When looking at using a piece of hardware for storage use cases, it can be interesting to measure how latency and IO’s per second are related. By increasing the amount of workload, and measuring the maximum amount of IO’s and Latency at the same time, we can tell a few things about the limits of the system. In this case, it shows that no matter how many simultaneous operations are being sent to the storage, they all get in line and wait their turn. This tells you that there’s a bottleneck of a single queue, processing transactions headed to the storage.
Ok, enough of the sadness. Let’s see if the new Raspberry Pi 4B can be a viable fast SBC-based storage node. Note that I’ve kept the scale in the bar graphs the same, so you can visualize how much of an improvement there is.
Raspberry Pi 4B
First off, sequential throughput. Keep in mind, this is the same SSD connected via the same USB interface plugged into one of the USB3.0 Ports on the Raspberry Pi 4B. CPU Idle % was higher here in all tests, over 80%. Nearly 10x better storage throughput!
Next we have random read & write IOPS. Again we can see almost a 10x increase. This is fantastic. Keep in mind here, that the network port (1Gb) is only going to be able to transfer at most 16k 8K IO’s per second, and as a ‘storage node’ every transaction will be coming through the network to the disk.

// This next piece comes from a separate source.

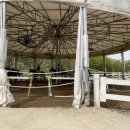 용인씨씨승마클럽 이미지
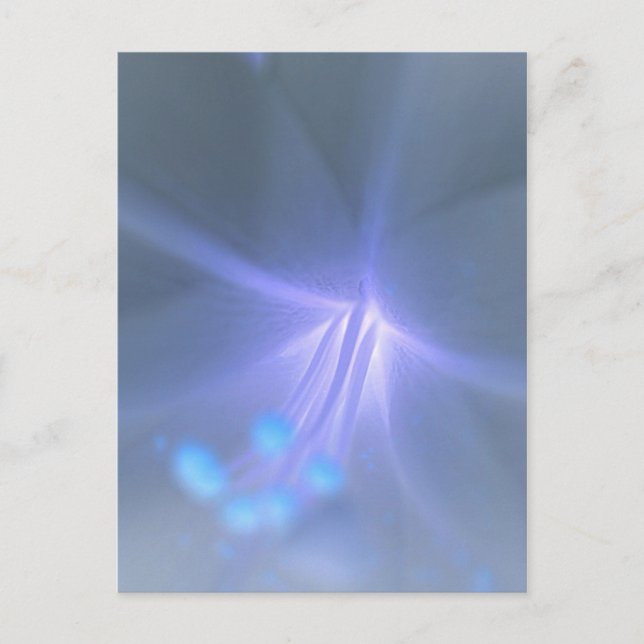 Invert Lily Postcard (Front)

Finally, here’s the latency vs IOPS graph. We can see that as we increase the queue depth sent to the USB->SATA bridge, we do see performance improvements up to a point. The graph above shows the best performance at the “knee” of the latency/IOPS curve. I’ll admit that these latency numbers aren’t that impressive compared to any low end PC with a PCIe M.2. device. But I believe they’re still quite usable for a storage node in a super-cheap distributed flash cluster.
Overall, I think this shows that the Raspberry Pi 4B has some good potential uses as a small storage node. When used as a Flash-based storage node, you could imagine that a small stack of these could provide a high performance (compared to HDD) feature-rich storage cluster.
Instead of flash, if you consider attaching an SATA HDD to the USB->SATA adapter, there’s no question that this platform has more than enough horsepower to occupy any modern nearline HDD. And when you consider that 4GB is now available for the RPi, which happens to be the default memory requirement for a single Ceph OSD, it should be able to cache a decent amount of IO from the disk.
Personally, I want to cobble together 3 or 4 of these raspberry pi’s in some decent (Active cooled) case, and then attach them each to the cheapest $/TB SATA SSD’s I can find. I’d love to see what a small cluster of these could do as central storage for various VM’s or containers of my other projects. As a bonus, Ceph Luminous seems to be standard and operational in the latest Raspbian. Stay tuned if I manage to pull the trigger on this project!
Quick thoughts on a parts list:
- Single power supply: https://www.amazon.com/gp/product/B0773K737F/ref=ox_sc_act_title_1?smid=ATVPDKIKX0DER&psc=1
- USB->SATA Enclosure for an SSD: https://www.amazon.com/gp/product/B00OJ3UJ2S/ref=ox_sc_act_title_2?smid=ATVPDKIKX0DER&psc=1
- Active cooled case for the RPi4: https://www.amazon.com/gp/product/B07VX3HQGJ/ref=ox_sc_act_title_3?smid=A34CQKEVNF2MJX&psc=1
- Raspberry Pi 4: https://www.amazon.com/Vilros-Raspberry-USB-C-Adapters-Quickstart/dp/B07TVVJZQT/ref=sr_1_3?crid=1V1H67RYINJXI&keywords=raspberry+pi+4+4gb&qid=1567111351&s=gateway&sprefix=raspbe%2Caps%2C192&sr=8-3
So $25 for the power plus $100 per raspberry pi node, and then just add your disks. I’ve seen plenty of 1TB/$100 Sata SSD’s as of late, so a 4-node setup could be had for $825 or so. That’d be 3TB (EC3+1) of usable distributed flash storage.